Microsoft 365 license types explained simply is this: there are a few main families of plan, a long tail of add ons, and a strong commercial pull from Microsoft toward the most expensive editions. The skill in buying well is not knowing every plan, it is matching each group of users to the cheapest plan that covers what they actually do. Get that match right and Microsoft 365, usually the largest single line in the software budget, becomes far cheaper without anyone losing a capability they use.
As an independent, buyer side advisor with no Microsoft relationship and no reseller margin, we have no reason to push you up the plan ladder. This guide explains the main license families, where they overlap, and the right sizing decisions that cut the bill. Microsoft 365 is the centre of most digital workplaces, which is why it sits at the heart of any digital workplace cost optimization programme.
Microsoft 365 license types explained: the main plan families
Most organisations only need to understand four groups of plan. The enterprise plans, the business plans, the frontline plans, and the standalone and add on licences that sit alongside them.
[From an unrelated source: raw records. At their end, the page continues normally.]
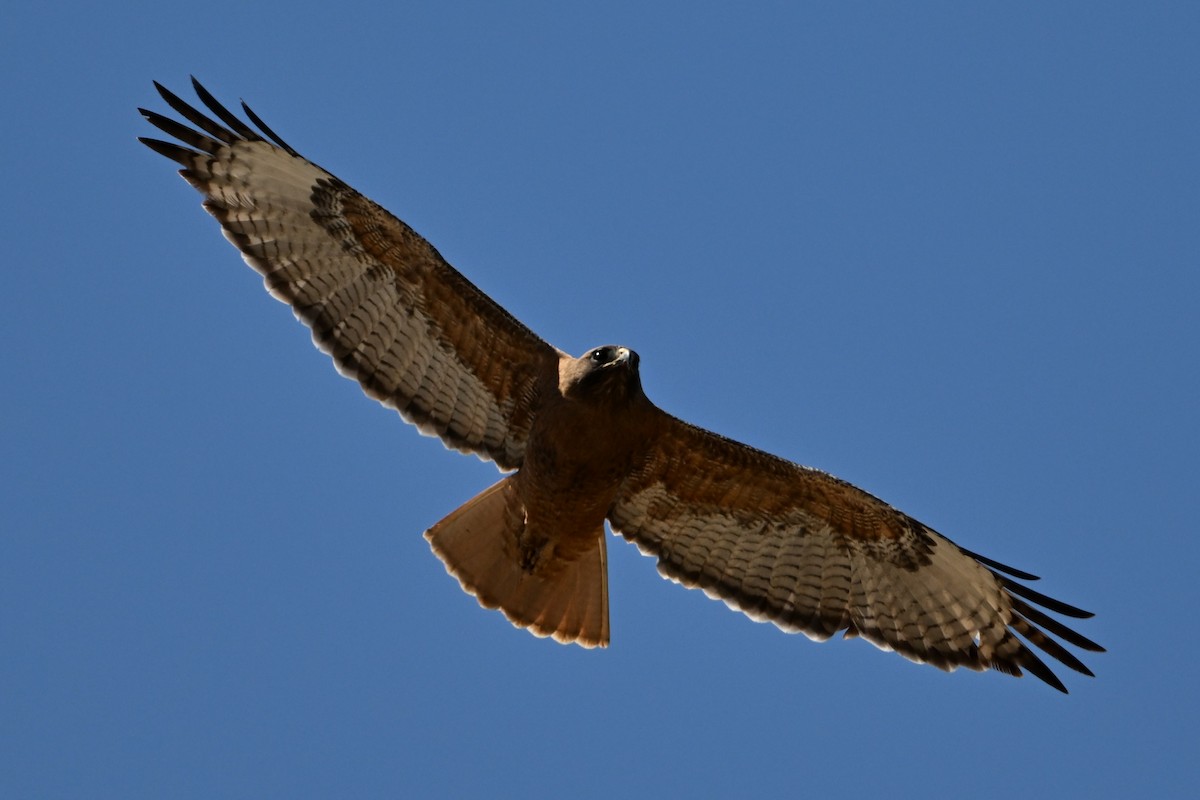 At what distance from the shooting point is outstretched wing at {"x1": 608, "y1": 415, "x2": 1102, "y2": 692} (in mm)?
11844

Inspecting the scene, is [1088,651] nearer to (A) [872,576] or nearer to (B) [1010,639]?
(B) [1010,639]

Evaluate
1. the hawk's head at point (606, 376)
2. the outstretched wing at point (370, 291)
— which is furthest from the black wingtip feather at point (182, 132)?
the hawk's head at point (606, 376)

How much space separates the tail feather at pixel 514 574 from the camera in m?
11.4

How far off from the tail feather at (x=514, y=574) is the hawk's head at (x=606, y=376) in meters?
0.89

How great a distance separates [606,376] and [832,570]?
88.1 inches

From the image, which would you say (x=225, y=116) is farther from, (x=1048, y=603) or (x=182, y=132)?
(x=1048, y=603)

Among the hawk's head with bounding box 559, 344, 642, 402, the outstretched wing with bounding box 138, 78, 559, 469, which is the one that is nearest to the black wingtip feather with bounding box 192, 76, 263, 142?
the outstretched wing with bounding box 138, 78, 559, 469

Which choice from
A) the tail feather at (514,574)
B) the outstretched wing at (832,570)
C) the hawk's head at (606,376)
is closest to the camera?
the hawk's head at (606,376)

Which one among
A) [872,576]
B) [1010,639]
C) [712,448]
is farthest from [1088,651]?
[712,448]

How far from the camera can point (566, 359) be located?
1123 cm

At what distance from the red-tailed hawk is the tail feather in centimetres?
1

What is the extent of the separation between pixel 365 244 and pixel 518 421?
1.42 meters

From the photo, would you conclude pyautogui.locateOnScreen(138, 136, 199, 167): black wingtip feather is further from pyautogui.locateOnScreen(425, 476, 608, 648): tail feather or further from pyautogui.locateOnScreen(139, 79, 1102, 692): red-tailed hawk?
pyautogui.locateOnScreen(425, 476, 608, 648): tail feather

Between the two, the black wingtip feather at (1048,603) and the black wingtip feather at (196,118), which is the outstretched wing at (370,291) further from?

Enterprise plans: E3 and E5
The enterprise plans are built for larger organisations and carry the fullest feature sets. E3 covers the core Office applications, Exchange, SharePoint, Teams, and a solid baseline of security and compliance. E5 adds advanced security, advanced compliance, telephony, and analytics on top. As of June 2026, Microsoft lists Microsoft 365 E3 at 36.00 US dollars per user per month and E5 at 57.00 US dollars per user per month on an annual commitment (source: Microsoft 365 enterprise plans pricing page, microsoft.com, as of June 2026). That gap of 21 dollars per user per month is the single most consequential licensing decision most firms make.
The trap is buying E5 across the board for features only a subset of users need. We cover the calculation in detail in our guide on when E5 is worth it and when it is not. The short version is that E5 pays off for users who genuinely use its advanced security or telephony, and wastes money everywhere else.
Business plans
The business plans, including Business Basic, Business Standard, and Business Premium, are designed for smaller organisations and are capped at 300 seats. They deliver much of the same core functionality as the enterprise plans at a lower price. Business Premium in particular bundles strong security at a fraction of the E5 cost, which makes it attractive for firms under the seat cap. Above 300 seats you move to the enterprise family.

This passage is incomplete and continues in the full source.